Sur ce point, il résulte clairement de l’article 10 de la loi du 21 février 2017, publiée le 22 février 2017 que, les dispositions des articles L.313-30 et L.313-31 du Code de la consommation seront immédiatement applicables aux contrats en cours d’exécution au 1er janvier 2018.

Concrètement, pour une personne ayant souscrit un contrat d’assurance le 1er mai 2011, elle pourra dès le 1er mars 2018 (2 mois avant la date anniversaire), notifier sa volonté de rompre le contrat à son assureur.

En conclusion, à un moment où les taux de crédit sont historiquement bas, la consécration de ce nouveau droit constitue une excellente nouvelle pour la communauté des consommateurs, car l’assurance emprunteur peut représenter un pourcentage important du coût total du crédit immobilier.

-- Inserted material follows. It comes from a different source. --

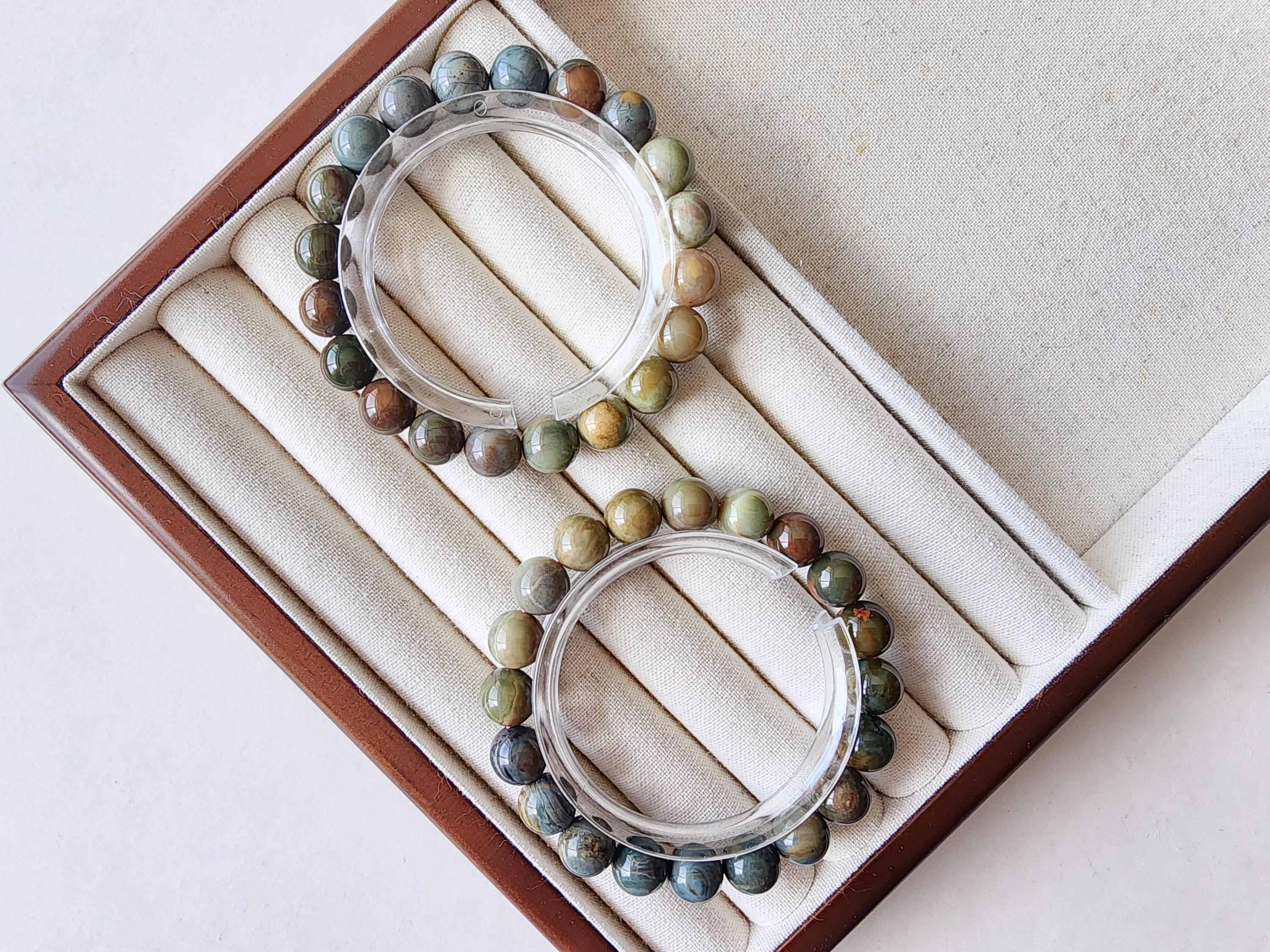 10mm Natural Alashan Agate Bracelet| Symbol of Grounding & Balance| Multicolor Stacking Stone Jewelry| Everyday Wear| Unisex Bracelet| Gift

Cependant, il est à craindre que les assureurs disposent encore « d’une corde à leur arc » pour préserver leurs marges : l’appréciation du fameux niveau de garantie équivalent (que doit offrir le contrat d’assurance présenté par l’emprunteur) pourrait constituer un prétexte pour compliquer la tâche aux emprunteurs.

Les compagnies d’assurance n’ont certainement pas encore dit leur dernier mot : l’avenir pourrait nous réserver quelques surprises.